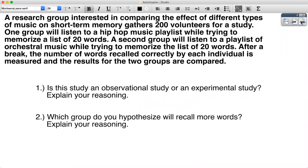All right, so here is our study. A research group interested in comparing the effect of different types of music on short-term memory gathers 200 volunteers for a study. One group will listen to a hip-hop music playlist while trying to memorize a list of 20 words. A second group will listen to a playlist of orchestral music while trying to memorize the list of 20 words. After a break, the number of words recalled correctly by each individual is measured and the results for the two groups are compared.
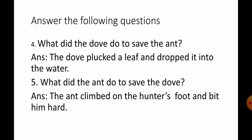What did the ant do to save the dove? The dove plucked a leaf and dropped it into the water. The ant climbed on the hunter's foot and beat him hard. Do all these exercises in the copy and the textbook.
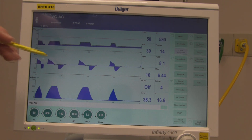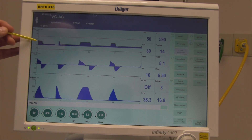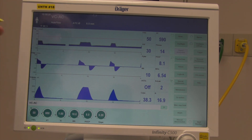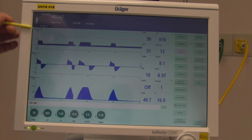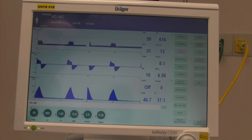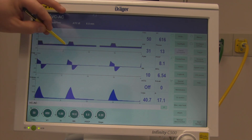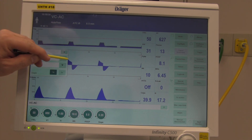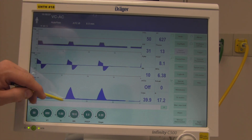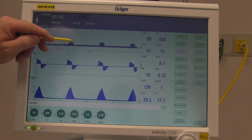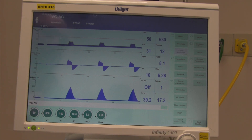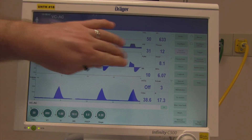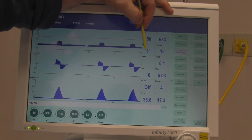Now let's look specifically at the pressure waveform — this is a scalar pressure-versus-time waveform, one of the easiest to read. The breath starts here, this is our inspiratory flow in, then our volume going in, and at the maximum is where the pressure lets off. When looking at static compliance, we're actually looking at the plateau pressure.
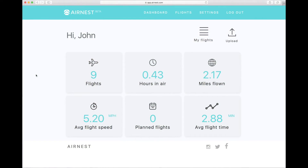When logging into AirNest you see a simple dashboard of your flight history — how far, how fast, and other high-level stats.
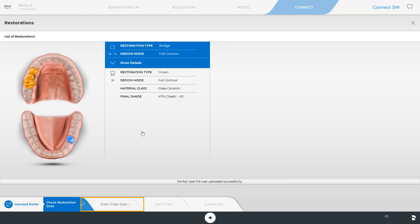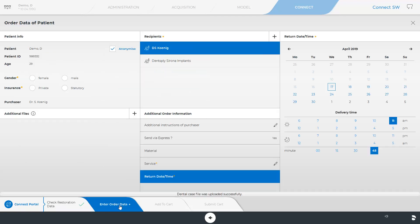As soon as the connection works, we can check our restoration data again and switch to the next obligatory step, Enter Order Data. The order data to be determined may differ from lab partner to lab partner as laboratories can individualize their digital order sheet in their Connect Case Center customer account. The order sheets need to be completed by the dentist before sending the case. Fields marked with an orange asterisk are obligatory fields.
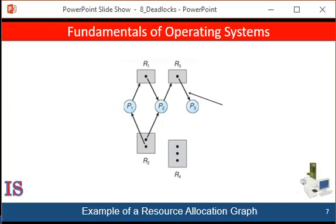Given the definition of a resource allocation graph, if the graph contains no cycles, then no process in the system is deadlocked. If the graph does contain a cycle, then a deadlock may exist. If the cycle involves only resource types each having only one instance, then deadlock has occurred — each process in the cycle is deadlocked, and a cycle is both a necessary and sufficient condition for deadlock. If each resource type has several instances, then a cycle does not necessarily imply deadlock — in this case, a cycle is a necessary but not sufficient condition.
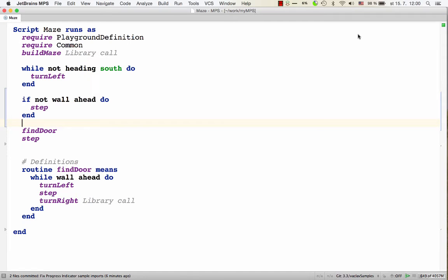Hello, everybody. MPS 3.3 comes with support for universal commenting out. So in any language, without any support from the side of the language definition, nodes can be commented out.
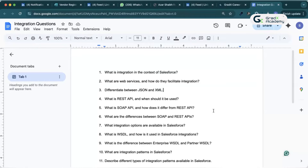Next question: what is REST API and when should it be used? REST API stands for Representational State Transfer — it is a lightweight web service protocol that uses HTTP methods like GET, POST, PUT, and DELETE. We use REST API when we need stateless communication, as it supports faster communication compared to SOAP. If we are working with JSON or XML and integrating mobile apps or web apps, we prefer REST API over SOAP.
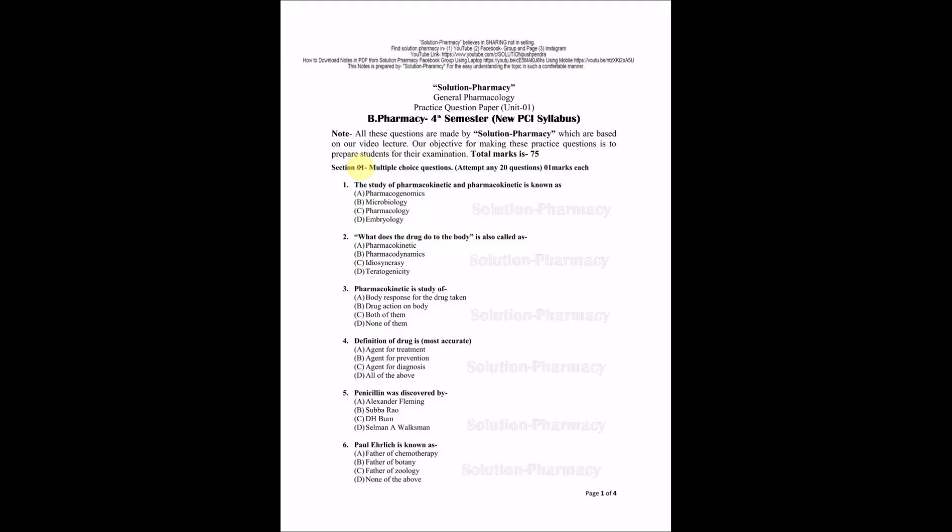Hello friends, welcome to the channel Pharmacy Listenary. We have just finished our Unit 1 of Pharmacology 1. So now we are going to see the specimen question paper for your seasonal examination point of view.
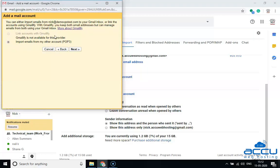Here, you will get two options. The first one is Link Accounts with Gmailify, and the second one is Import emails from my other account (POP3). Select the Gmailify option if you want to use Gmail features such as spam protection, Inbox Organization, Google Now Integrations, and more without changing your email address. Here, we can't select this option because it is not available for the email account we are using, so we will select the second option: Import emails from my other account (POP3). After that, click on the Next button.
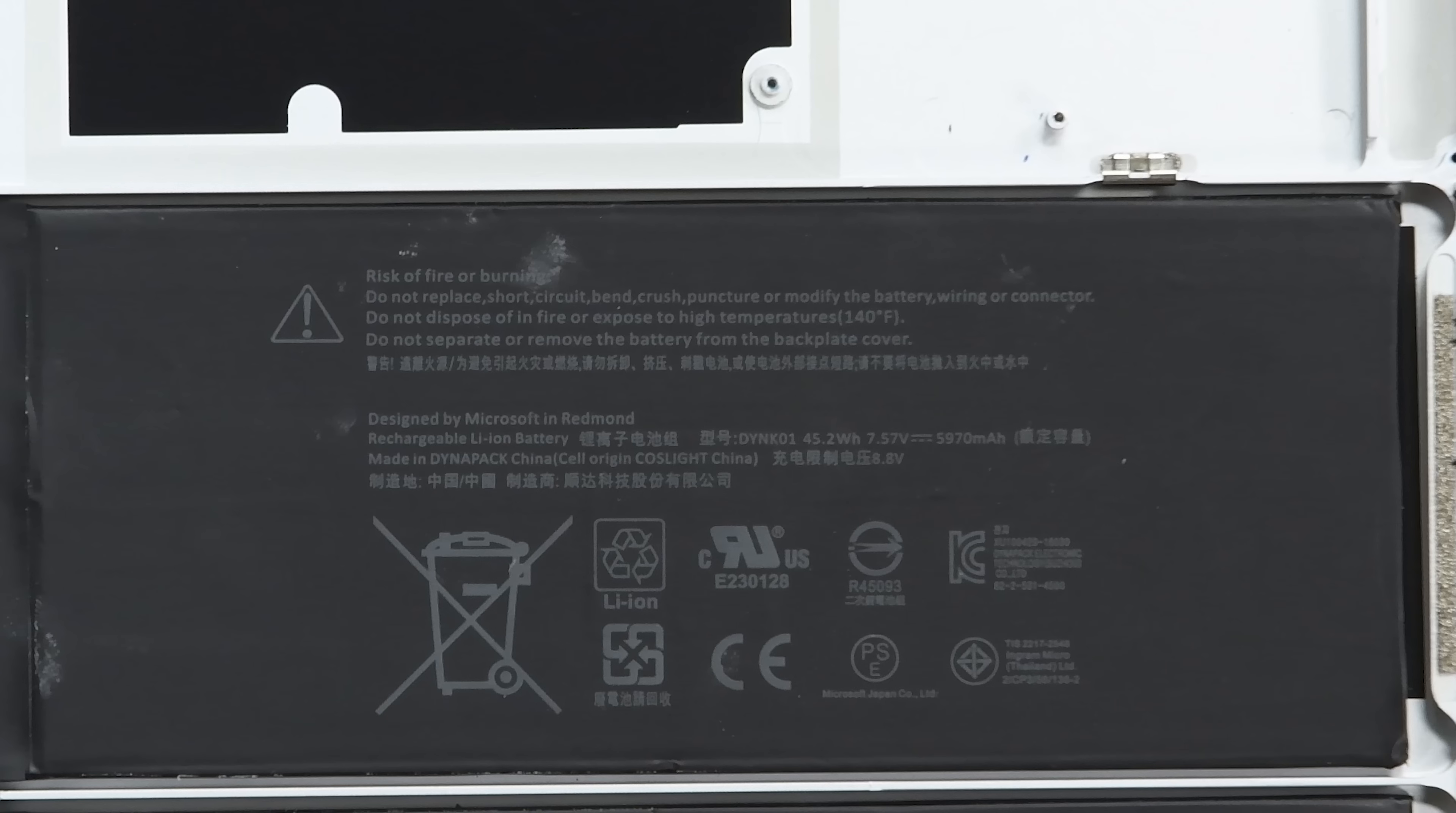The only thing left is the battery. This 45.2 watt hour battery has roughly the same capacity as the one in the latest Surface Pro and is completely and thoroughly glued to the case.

====

Required work →
Drop the pictures, then write out everything else in the records exactly.

The answer →
All right, so here is our study. A research group interested in comparing the effect of different types of music on short-term memory gathers 200 volunteers for a study. One group will listen to a hip-hop music playlist while trying to memorize a list of 20 words. A second group will listen to a playlist of orchestral music while trying to memorize the list of 20 words. After a break, the number of words recalled correctly by each individual is measured and the results for the two groups are compared.
What did the ant do to save the dove? The dove plucked a leaf and dropped it into the water. The ant climbed on the hunter's foot and beat him hard. Do all these exercises in the copy and the textbook.
Now let's look specifically at the pressure waveform — this is a scalar pressure-versus-time waveform, one of the easiest to read. The breath starts here, this is our inspiratory flow in, then our volume going in, and at the maximum is where the pressure lets off. When looking at static compliance, we're actually looking at the plateau pressure.
When logging into AirNest you see a simple dashboard of your flight history — how far, how fast, and other high-level stats.
As soon as the connection works, we can check our restoration data again and switch to the next obligatory step, Enter Order Data. The order data to be determined may differ from lab partner to lab partner as laboratories can individualize their digital order sheet in their Connect Case Center customer account. The order sheets need to be completed by the dentist before sending the case. Fields marked with an orange asterisk are obligatory fields.
Given the definition of a resource allocation graph, if the graph contains no cycles, then no process in the system is deadlocked. If the graph does contain a cycle, then a deadlock may exist. If the cycle involves only resource types each having only one instance, then deadlock has occurred — each process in the cycle is deadlocked, and a cycle is both a necessary and sufficient condition for deadlock. If each resource type has several instances, then a cycle does not necessarily imply deadlock — in this case, a cycle is a necessary but not sufficient condition.
Hello, everybody. MPS 3.3 comes with support for universal commenting out. So in any language, without any support from the side of the language definition, nodes can be commented out.
Next question: what is REST API and when should it be used? REST API stands for Representational State Transfer — it is a lightweight web service protocol that uses HTTP methods like GET, POST, PUT, and DELETE. We use REST API when we need stateless communication, as it supports faster communication compared to SOAP. If we are working with JSON or XML and integrating mobile apps or web apps, we prefer REST API over SOAP.
Hello friends, welcome to the channel Pharmacy Listenary. We have just finished our Unit 1 of Pharmacology 1. So now we are going to see the specimen question paper for your seasonal examination point of view.
Here, you will get two options. The first one is Link Accounts with Gmailify, and the second one is Import emails from my other account (POP3). Select the Gmailify option if you want to use Gmail features such as spam protection, Inbox Organization, Google Now Integrations, and more without changing your email address. Here, we can't select this option because it is not available for the email account we are using, so we will select the second option: Import emails from my other account (POP3). After that, click on the Next button.
The only thing left is the battery. This 45.2 watt hour battery has roughly the same capacity as the one in the latest Surface Pro and is completely and thoroughly glued to the case.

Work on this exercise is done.